Optical materials capable of dynamically manipulating electromagnetic waves are an emerging field in memories, optical modulators, and thermal management. Recently, their multispectral design preliminarily attracts much attention, aiming to enhance their efficiency and integration of functionalities. However, the multispectral manipulation based on these materials is challenging due to their ubiquitous wavelength dependence restricting their capacity to narrow wavelengths. In this article, we cascade multiple tunable optical cavities with selective-transparent layers, enabling a universal approach to overcoming wavelength dependence and establishing a multispectral platform with highly integrated functions. Based on it, we demonstrate the multispectral (ranging from 400 nm to 3 cm), fast response speed (0.9 s), and reversible manipulation based on a typical phase change material, vanadium dioxide. Our platform involves tandem VO₂-based Fabry–Pérot (F-P) cavities enabling the customization of optical responses at target bands independently. It can achieve broadband color-changing capacity in the visible region (a shift of ~60 nm in resonant wavelength) and is capable of freely switching between three typical optical models (transmittance, reflectance, and absorptance) in the infrared to microwave regions with drastic amplitude tunability exceeding 0.7. This work represents a state-of-art advance in multispectral optics and material science, providing a critical approach for expanding the multispectral manipulation ability of optical systems.

能够动态操纵电磁波的光学材料是存储器、光调制器和热管理领域的一个新兴领域。

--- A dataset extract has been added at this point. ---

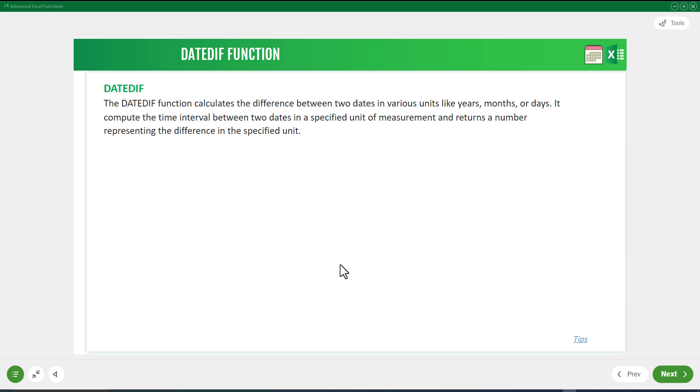Hello viewers, welcome back to this course. In this lesson, we are going to discuss the DATEDIF function in Excel.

最近，它们的多光谱设计初步引起了广泛关注，旨在提高其效率和功能集成。然而，基于这些材料的多光谱操纵具有挑战性，因为它们普遍存在的波长依赖性限制了它们窄波长的能力。在本文中，我们将多个可调谐光学腔与选择性透明层级联，从而提供了一种克服波长依赖性的通用方法，并建立了具有高度集成功能的多光谱平台。在此基础上，我们展示了基于典型相变材料二氧化钒的多光谱（范围从400 nm到3 cm）、快速响应速度（0.9 s）和可逆操纵。我们的平台涉及基于串联 VO ₂的法布里-珀罗 (FP) 腔，能够独立定制目标频段的光学响应。它可以在可见光区域实现宽带变色能力（谐振波长偏移~60 nm），并且能够在红外到微波区域的三种典型光学模型（透射率、反射率和吸收率）之间自由切换，并具有剧烈的变化。幅度可调性超过0.7。这项工作代表了多光谱光学和材料科学的最新进展，为扩展光学系统的多光谱操纵能力提供了关键方法。